Стейси сидела за свободным столом, наслаждаясь пончиком, кофе и дружеской атмосферой, царившей в офисе. Через открытую дверь кабинета Дерека ей было видно, как он разговаривает по телефону, работает с бумагами, что-то обсуждает с одним из помощников.

Ей казалось, что она может вот так сидеть и смотреть на него часами, но время от времени он поднимал голову и ловил ее за этим занятием, и через некоторое время она поняла, что ее присутствие на рабочем месте все-таки создает определенные неудобства, хотя он один раз подмигнул ей, а в другой раз улыбнулся.

Она вынула свой альбом для набросков, стала листать его, радуясь тому, что уже успела сделать у озер до инцидента с мостом. Дойдя до портрета Дерека, она чуть не вскрикнула от удивления. Стейси о нем совершенно забыла, и теперь, рассматривая свою работу, она поняла, что у нее получился очень тонкий, очень глубокий портрет молодого шерифа.

Потрясающе.

Он как будто читал ее мысли: она почувствовала на себе его взгляд, подняла голову и увидела, что он пристально и многозначительно смотрит на нее.

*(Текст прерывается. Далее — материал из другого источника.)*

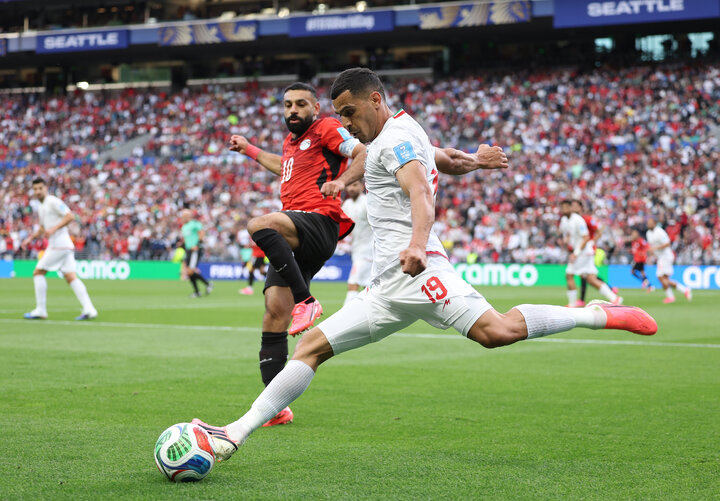 جام جهانی 2026 آمریکا - مصر 1 - 1 ایران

Она вспыхнула, отвела глаза и быстро перевернула листы, дойдя до чистого. Она посмотрела на улицу в окно, у которого стоял ее стол, и стала рисовать павильон, возвышавшийся на городской площади.

Когда были готовы три рисунка, она взглянула на часы и увидела, что прошел целый час и Дерек выходит из кабинета со шляпой в руке.

— Готова? — спросил он, подходя к столу.

— Да. Только уберу вот это. — Она сунула альбом в рюкзак. — Можно здесь оставить?

— Пока оставим в кабинете.

Она вынула свой бумажник и отдала ему рюкзак. Их руки соприкоснулись, потом встретились взгляды.

— У тебя сахарная пудра… вот здесь. — Пальцем он коснулся уголка ее губ, потом медленно провел им по ее нижней губе.

Стейси едва хватило присутствия духа, чтобы не вскрикнуть. Дерек услышал, как она тихо охнула, и сделал глотательное движение.

— Я чувствую то же самое, — прошептал он. Эти слова прозвучали как самое сокровенное признание. Стейси оперлась на стол, ощущая слабость во всем теле, и дрожащей рукой провела по волосам. Они очутились на пороге чего-то такого, что могло помешать работе, которая им предстояла, — если вовремя не остановиться.

Чтобы успокоиться, она сделала глубокий вдох, встала и поклялась про себя, что не поддастся действию той химической реакции, которая явно идет между ними.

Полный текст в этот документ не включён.